Hier, nuit, allant à la batterie, dans un bois, un poilu débouche sur moi, je le vois quand il est sur moi. En temps ordinaires, dans ces cas-là, au coin d’un bois, on s’entend demander « La Bourse ou la Vie. » Pas du tout. C’était un poilu qui voulait me demander de faire toucher par le vaguemestre un mandat qu’il m’a confié. Amusante image de la guerre.

Envoie vite la mesure de la bague ― mais garde aussi la première.

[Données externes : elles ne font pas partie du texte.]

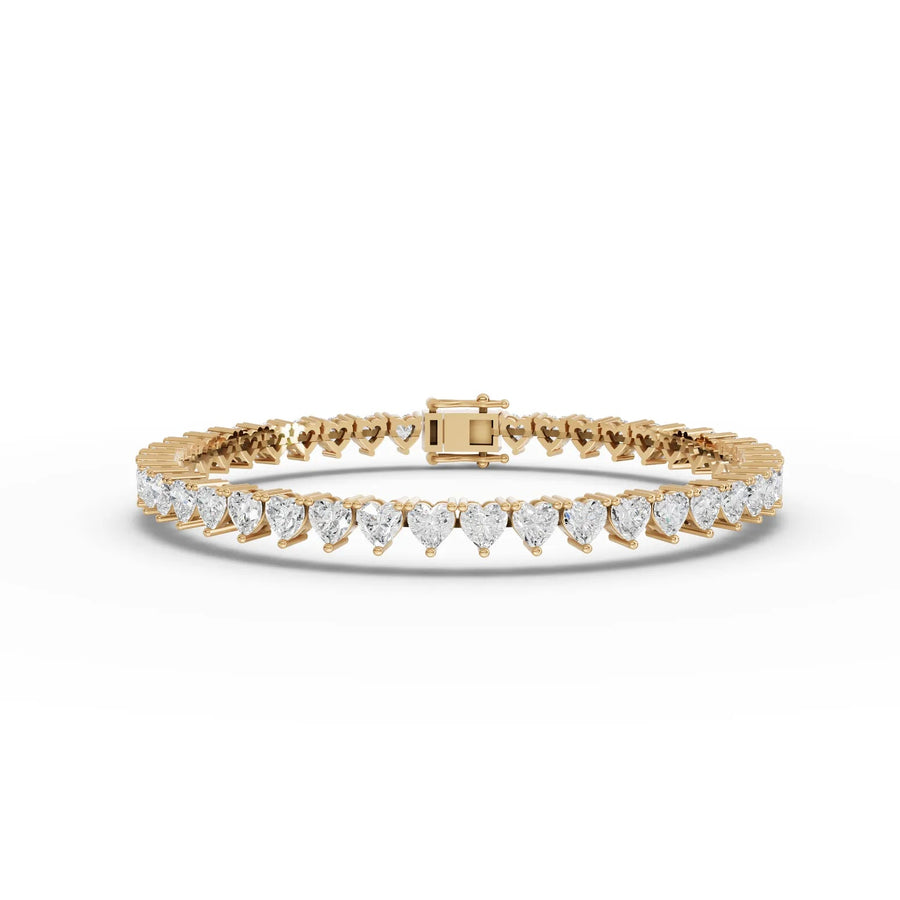 10.75 CT heart lab-grown diamond tennis bracelet yellow gold top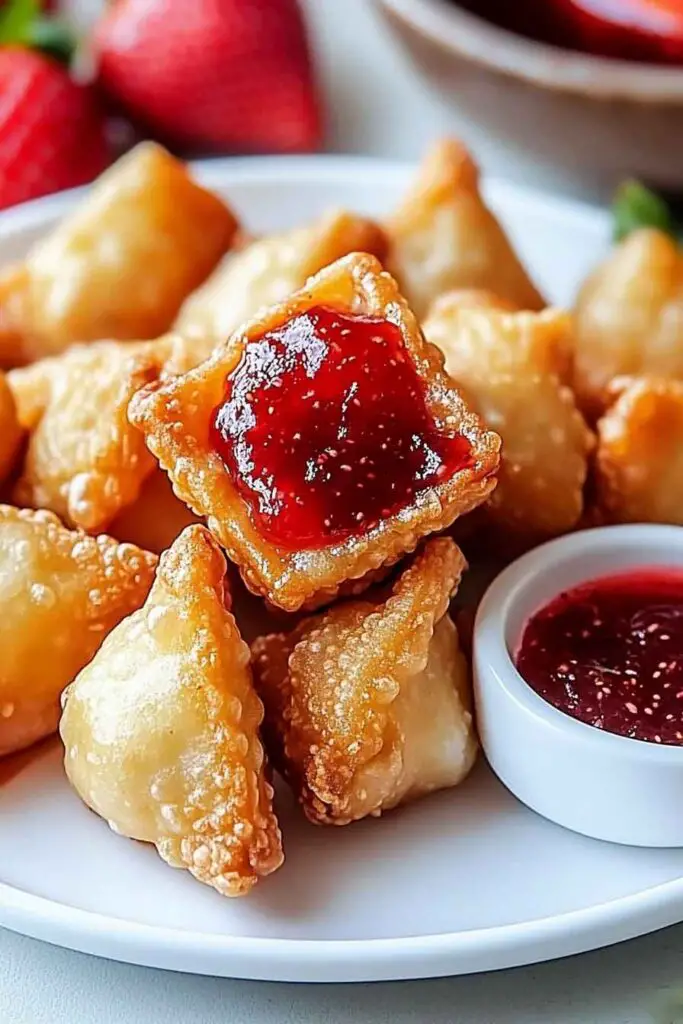 Storing Deep Fried Strawberry Cheesecake Stuffed Wonton Bites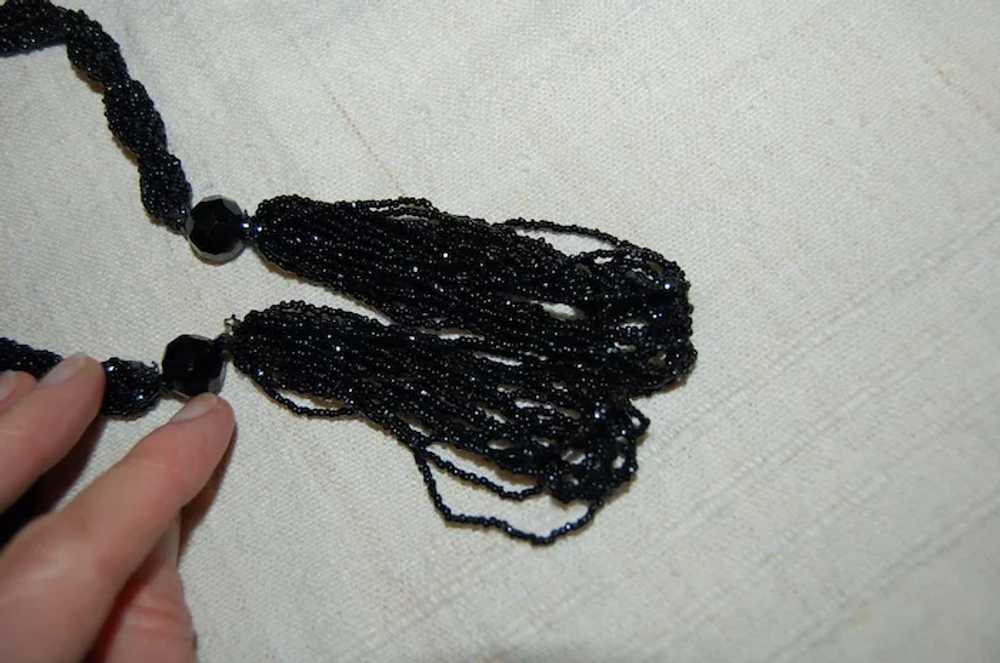 Black Faceted Beaded Flapper Style Lariat Necklace - image 8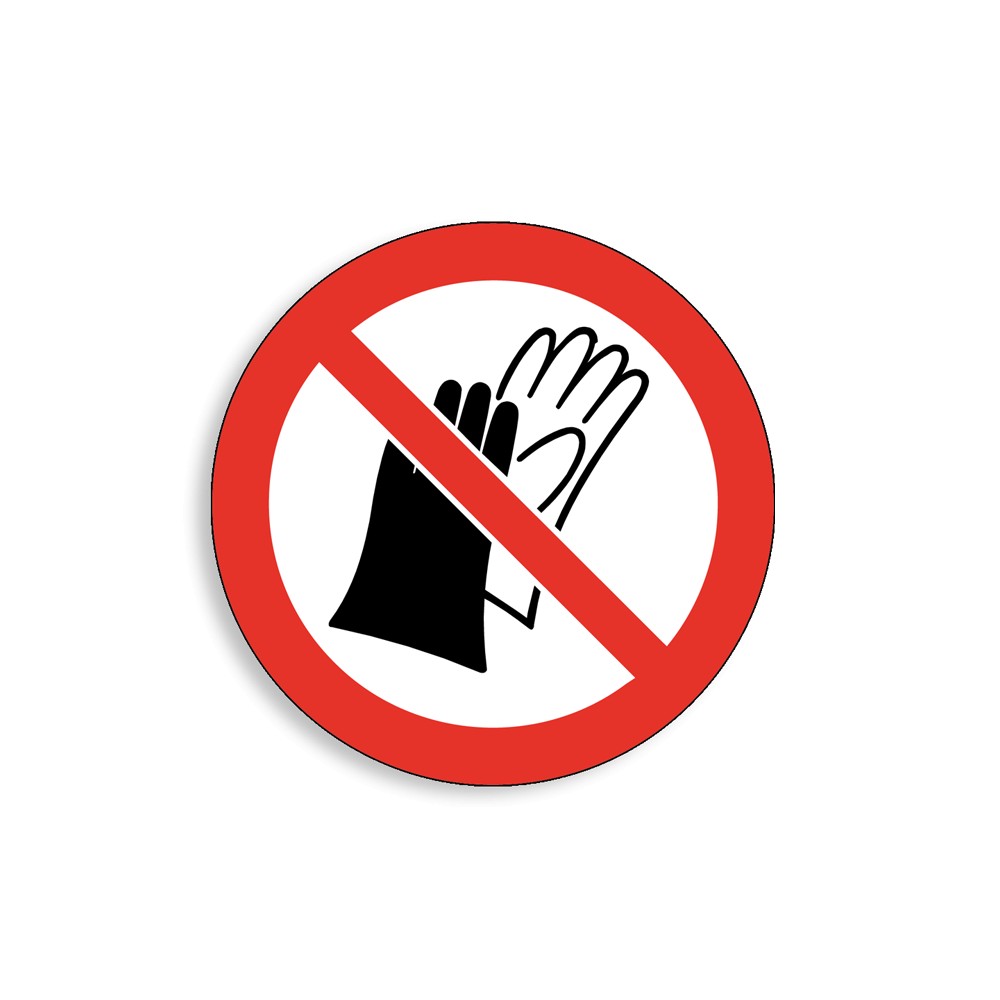 P028 - Port de gants interdit, Étiquettes et panneaux d'Interdiction
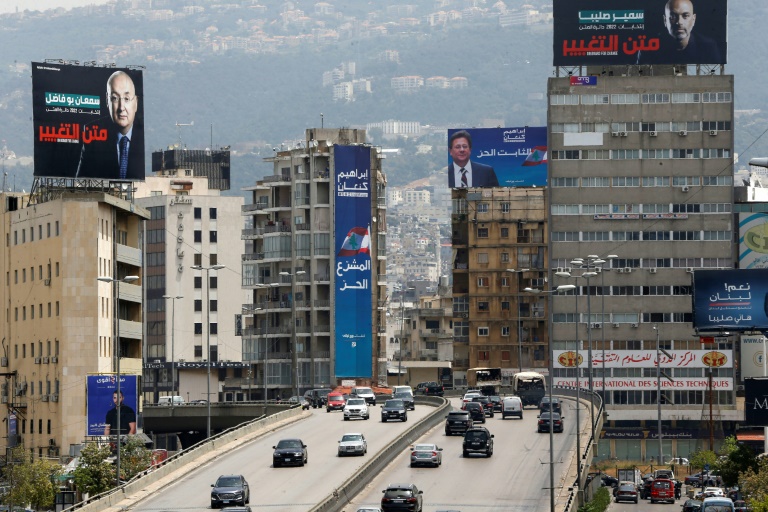 Election poster on the bridge across Beirut, May 14, 2022
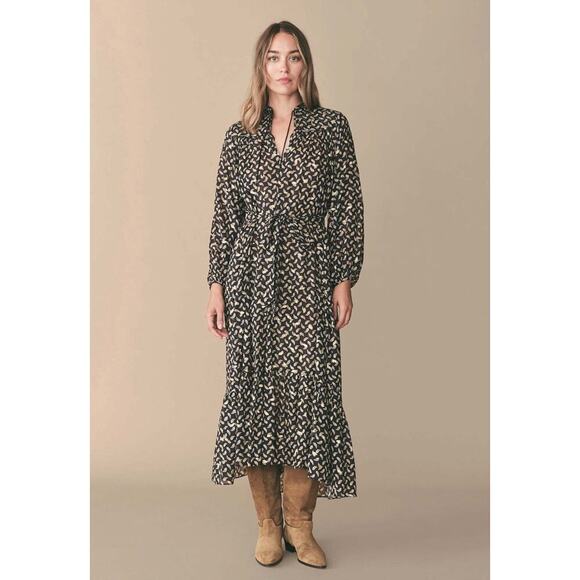 B45 Doen Ivana Midi Dress XS Prairie Boho Cottagecore Romantic Feminine Chic - Picture 1 of 12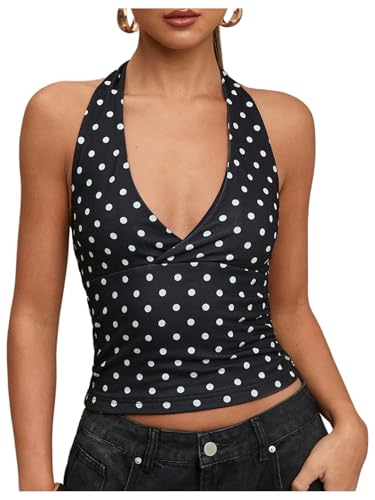 SweatyRocks Women's Polka Dots Print Halter Tops Going Out
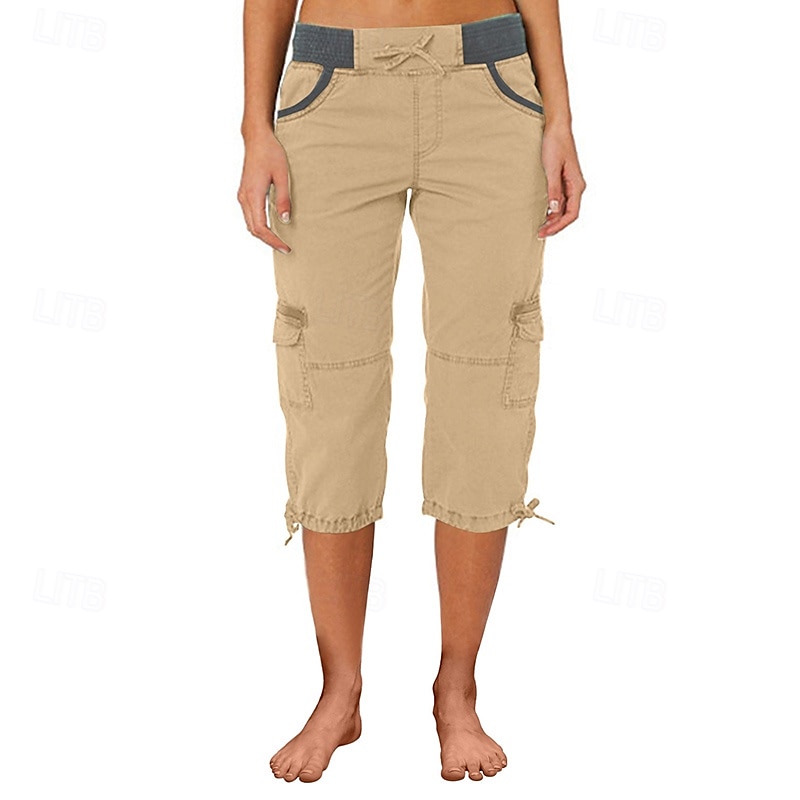 Femmes Pantalons Cargo Pantalons de randonnée Extérieur Coupe régulière Respirant Bas Avec Poches Noir Vert Véronèse Coton Camping / Randonnée Course S M L XL XXL de 2025 ? $22.99 –P12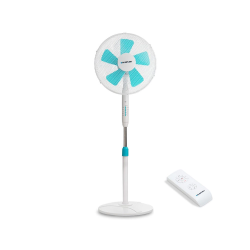 Ventilador blaupunkt pie base redonda 5 aspas 3 velocidades altura regulable con mando distancia+temporizador 45w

Chérie, aujourd’hui, grande sensualité ― te désire beaucoup, beaucoup, très, très excité ― Ai regardé longtemps la petite photo où t’es dans l’herbe, visage tourné à gauche de profil, un beau bras nu jusqu’au coude et un air de jouir, de jouir ― Tu es ravissante dans ce petit tableau exquis et je voudrais bien t’avoir, nue, ton joli derrière bien en l’air, bien obéissante… Je t’adore, mon petit chéri. ― Il y a maintenant dans notre forêt beaucoup de douleurs et aussi de maux d’yeux. ― Les hommes pensent beaucoup à leurs femmes et j’entends beaucoup parler de faire menotte…

Moi, chérie, j’obtiens par la force des choses une grande perfection de mœurs qui résulte du genre et de la règle de ma vie actuelle. J’apprends à ne compter que sur moi-même, à ne jamais demander conseil à personne, à toujours prévoir les conséquences d’un acte. Cela ne m’empêche point d’ailleurs d’être un imaginatif, un poète, et peut-être même parfois et en certaines choses un névrosé, comme toute ma génération née et élevée dans le siècle de l’extrémité et de l’activité vitale excessive.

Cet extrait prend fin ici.